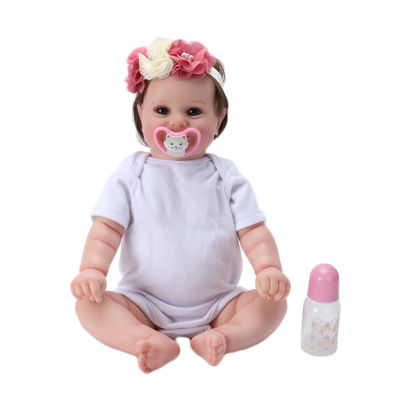 ตุ๊กตาเด็กเด็กผู้หญิงที่สมจริง50ซม. ผ้ายืดหยุ่นได้สำหรับถ่ายภาพ3D เคลื่อนย้ายได้ซักได้ก่อนตั้งครรภ์ตอนเช้าของเล่นสหายเด็กทารก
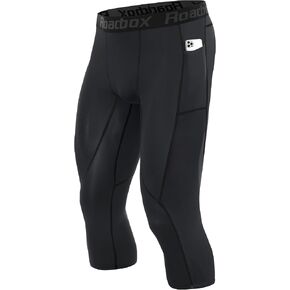 Roadbox Mens 3/4 Compression Pants with Pockets, 1/2 Pack Athletic Running Legging Tights, Workout Basketball Gym Base Layer in Kuwait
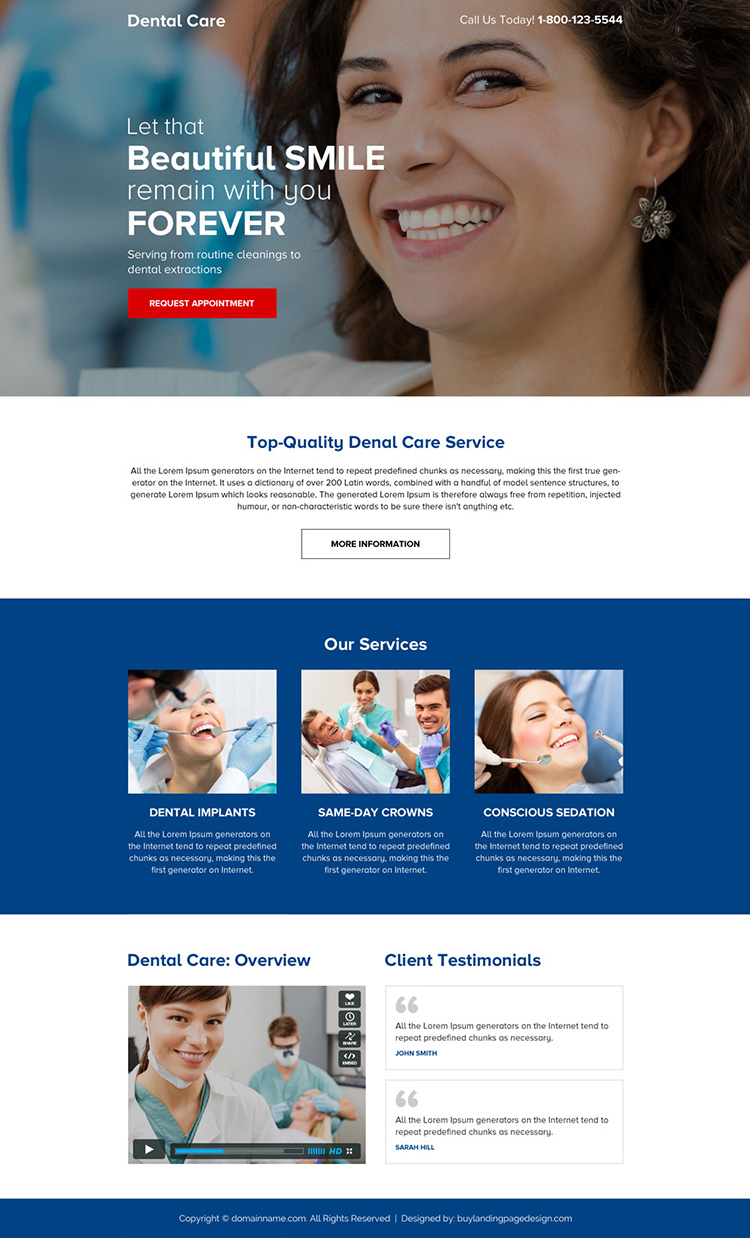 best dental care mini responsive landing page design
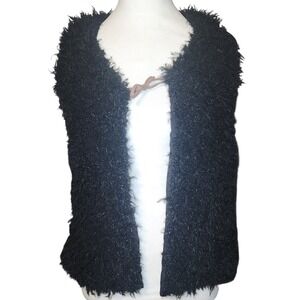 POOF GIRL Black Faux Fur Vest Boho Festival Outerwear Sleeveless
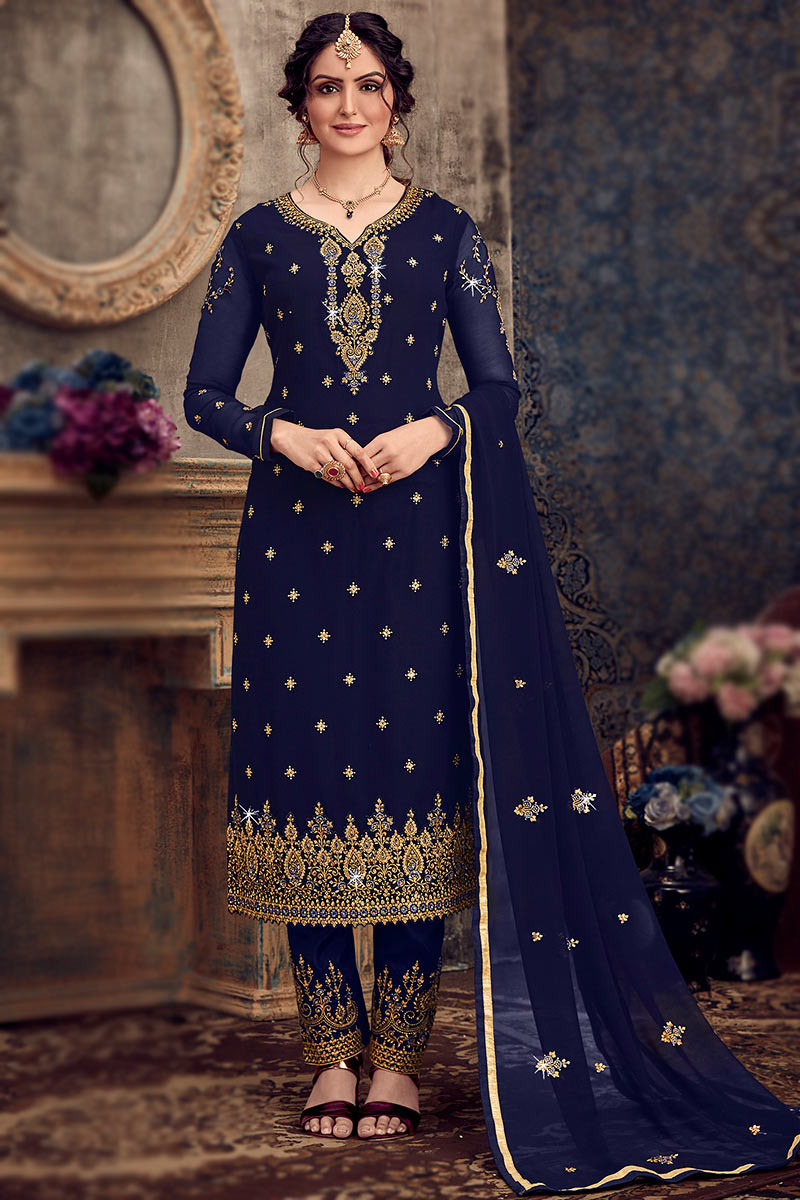 Navy trouser suit for wedding online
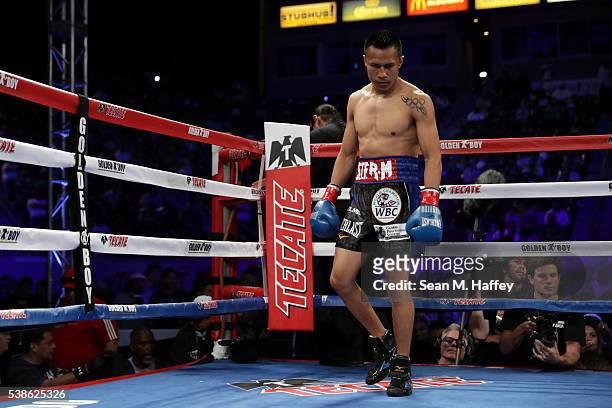 Francisco Vargas prepares to start a round against Orlando Salido during their WBC super featherweight championship bout at StubHub Center on June 4,...
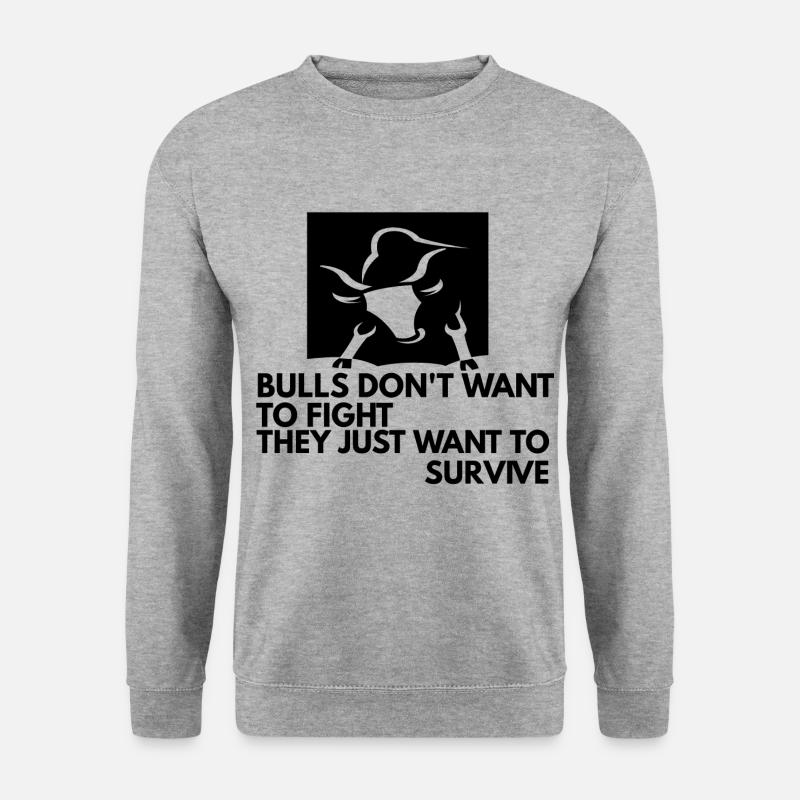 Tierschützer Stierkampf - Unisex Pullover - Weißgrau meliert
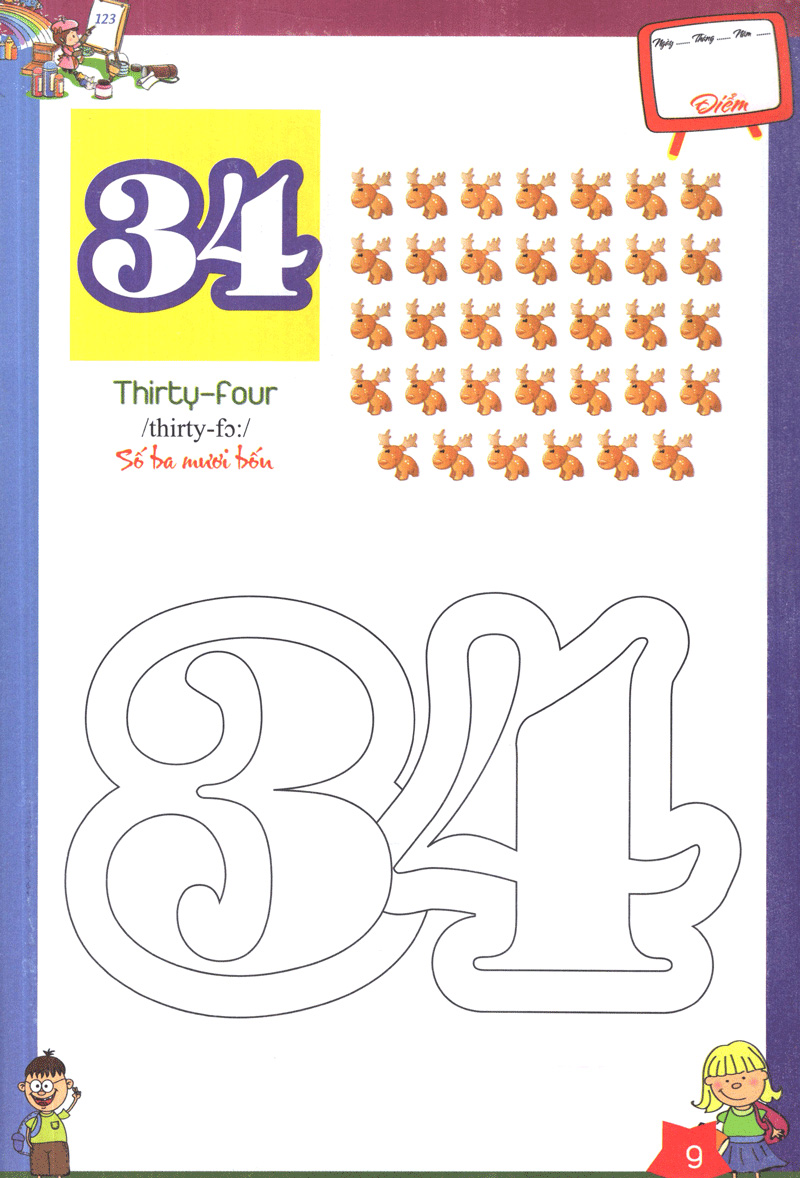 bộ tô màu chữ số và học đánh vần tiếng anh dành cho bé quyển 2 - Ảnh 11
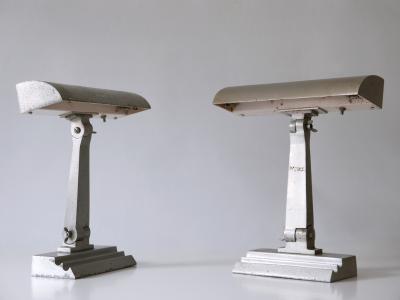 Set of Two Rare Art Deco Desk or Table Lamps from An US Cruiser Ship 1920s
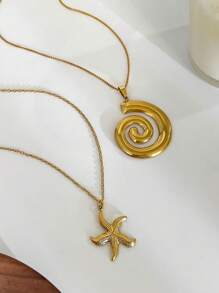 1 colar com pingente de concha espiral e estrela do mar em aço inoxidável estilo europeu e americano, a melhor opção de presente de joia para mulheres, adequado para uso diário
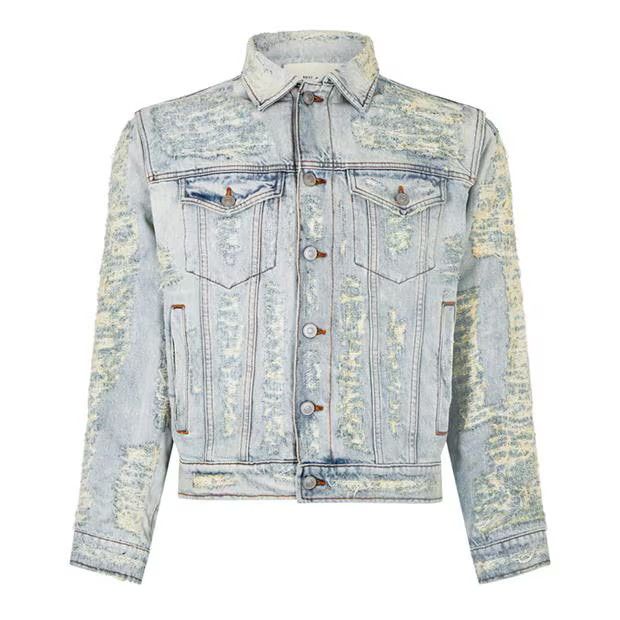 1017 ALYX 9SM o1g2r1mq0824 Distressed Denim Jacket in Light Blue Size US M / EU 48-50 / 2 - 1 Thumbnail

● ● ● ● ● ● ●

To do - Exclude the images, then output the data above word for word.

Output of the task -
 ตุ๊กตาเด็กเด็กผู้หญิงที่สมจริง50ซม. ผ้ายืดหยุ่นได้สำหรับถ่ายภาพ3D เคลื่อนย้ายได้ซักได้ก่อนตั้งครรภ์ตอนเช้าของเล่นสหายเด็กทารก
 Roadbox Mens 3/4 Compression Pants with Pockets, 1/2 Pack Athletic Running Legging Tights, Workout Basketball Gym Base Layer in Kuwait
 best dental care mini responsive landing page design
 POOF GIRL Black Faux Fur Vest Boho Festival Outerwear Sleeveless
 Navy trouser suit for wedding online
 Francisco Vargas prepares to start a round against Orlando Salido during their WBC super featherweight championship bout at StubHub Center on June 4,...
 Tierschützer Stierkampf - Unisex Pullover - Weißgrau meliert
 bộ tô màu chữ số và học đánh vần tiếng anh dành cho bé quyển 2 - Ảnh 11
 Set of Two Rare Art Deco Desk or Table Lamps from An US Cruiser Ship 1920s
 1 colar com pingente de concha espiral e estrela do mar em aço inoxidável estilo europeu e americano, a melhor opção de presente de joia para mulheres, adequado para uso diário
 1017 ALYX 9SM o1g2r1mq0824 Distressed Denim Jacket in Light Blue Size US M / EU 48-50 / 2 - 1 Thumbnail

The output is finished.